Wednesday, November 24, 2010

Street Names Part One

Many of the streets here in Israel are named after famous Jews and Israelis.  All the biggies have the big streets.  Ben Gurion.  Moshe Dayan.  Menachem Begin.  In Tel Aviv I live on a street called Levi Eshkol, named after the third prime minister of Israel a and the first who died in office when in 1969 he died of a heart attack.  His successor, Yigal Alon also has a fairly large thoroughfare named after him.  The cross street I live on is named after Marc Chagall, and there is a street behind me named after Arthur Rubinstein.

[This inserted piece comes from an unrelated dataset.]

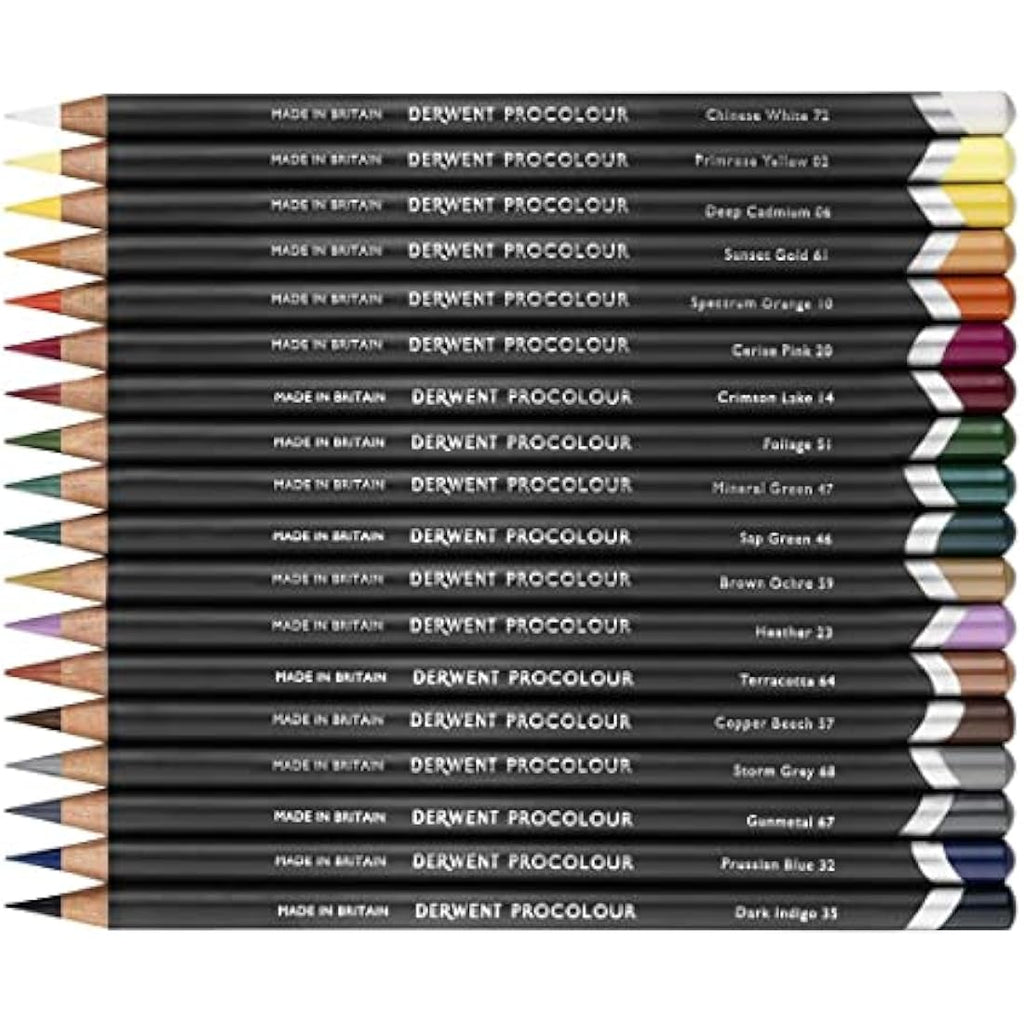 Derwent Procolour Pencils - Set of 24 Professional Drawing Pencils in Tin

The street names are also repeated in different cities.  I suppose there just are a limited number of names to choose from.  There’s a Ben Gurion street in a lot of Israeli cities.  According to ynet.com, the distinction for the most streets named after him goes to Ze’ev Jabotinsky, the founder of the Irgun with a total of fifty-seven.

Sometimes non-jews get the honor, but usually it’s for championing Jewish or Zionist causes. People like David Lloyd George, who was quoted to say things like “Of all the bigotries that savage the human temper there is none so stupid as the anti-Semitic” and “It will be long ere Canaan becomes once more a land flowing with milk and honey. The Jews alone can redeem it from the wilderness and restore its ancient glory.”  Edmund Allenby, who defeated the Ottomans in Palestine.  And Lord Arthur Balfour, who authored the Balfour Declaration of 1917.  More about them later, but they all have streets that take their name in Tel Aviv.  But sometimes the streets are named after simply admired people.  Like Abraham Lincoln who also has a street named after him in Tel Aviv.  It’s not a particularly big street—I mean he’s no Menachem Begin—but it’s there, sitting between Menachem Begin and Yehuda Halevi Streets.  Although here his name is pronounced Lin-ko-lin.

Just as it is spelled.  Link-ko-lin.

I was on Lin-ko-lin street one day, and somehow I got to talking to this guy, and I said something to the effect of “that’s not how you pronounce his name.”

The man scratched his head and said, “Avraham Lin-ko-lin?”

“No.  It’s Abraham Lin-kun.”

“Avraham Lin-kun,” he repeated.  Then he scratched his head again.  “But he was Jewish, no?”

I think I said something like “maybe.”  I didn’t have the heart to tell him that probably the moshiach would come before Americans would elect a Jewish president.  I mean we like Jews, but we don’t like them that much.

Oh, by the way, many Israelis I’ve talked to seem amazed that I know this kind of information.  Like I know who Levi Eshkol was.  I have discovered that some Israelis are just as ignorant about history as many Americans are.

Ignorance of history must be a global problem.  It needs to be stopped now.